A PyTorch Implementation of End-to-End Models for Speech-to-Text(语音识别)

Primary LanguagePython

speech

Speech is an open-source package to build end-to-end models for automatic speech recognition. Sequence-to-sequence models with attention and connectionist temporal classification are currently supported.

The goal of this software is to facilitate research in end-to-end models for speech recognition. The models are implemented in PyTorch.

The software has only been tested in Python2.7, though we plan to support both 2.7 and 3.5.

Install

We recommend creating a virtual environment and installing the python requirements there.

virtualenv <path_to_your_env>
source <path_to_your_env>/bin/activate
pip install -r requirements.txt

Then follow the installation instructions for a version of PyTorch which works for your machine.

After all the python requirements are installed, from the top level directory, run:

make

The build process requires CMake as well as Make.

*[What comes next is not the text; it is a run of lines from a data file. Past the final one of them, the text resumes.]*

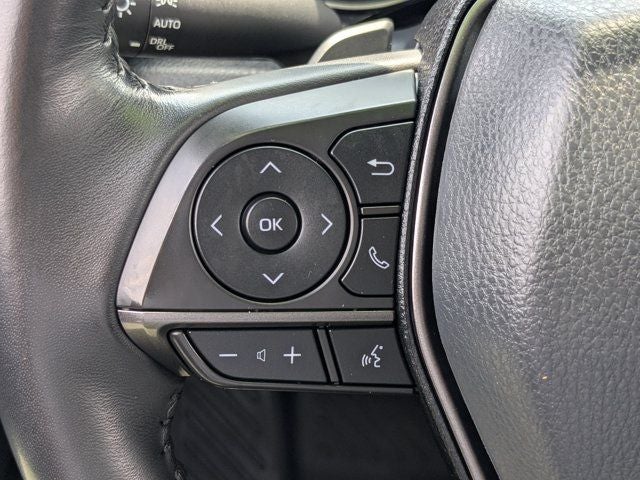 2024 Toyota Camry Hybrid XSE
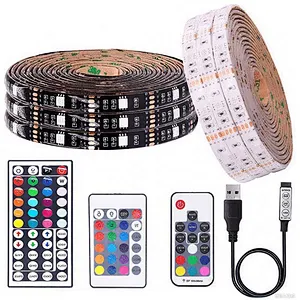 High-Brightness Smart RGB LED Strip Light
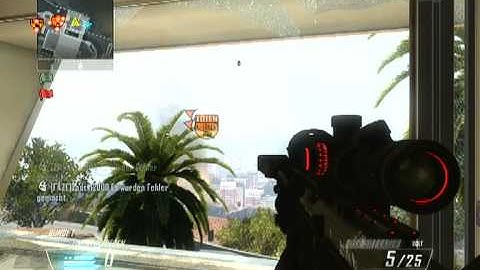 Epic (Akimbo)Executioner Trickshot !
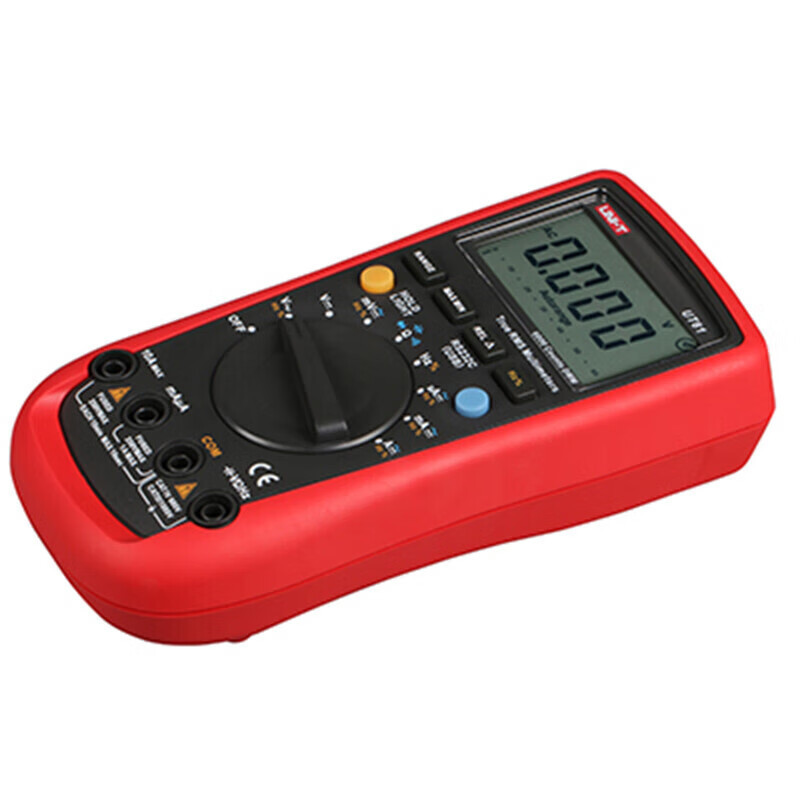 优利德ut61系列数显万用表数字万能表高精度四位半数显表ut61e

After that, source the setup.sh from the repo root.

source setup.sh

Consider adding this to your bashrc.

You can verify the install was successful by running the tests from the tests directory.

cd tests
pytest

Run

To train a model run

python train.py <path_to_config>

After the model is done training you can evaluate it with

python eval.py <path_to_model> <path_to_data_json>

To see the available options for each script use -h:

python {train, eval}.py -h

Examples

For examples of model configurations and datasets, visit the examples directory. Each example dataset should have instructions and/or scripts for downloading and preparing the data. There should also be one or more model configurations available. The results for each configuration will documented in each examples corresponding README.md.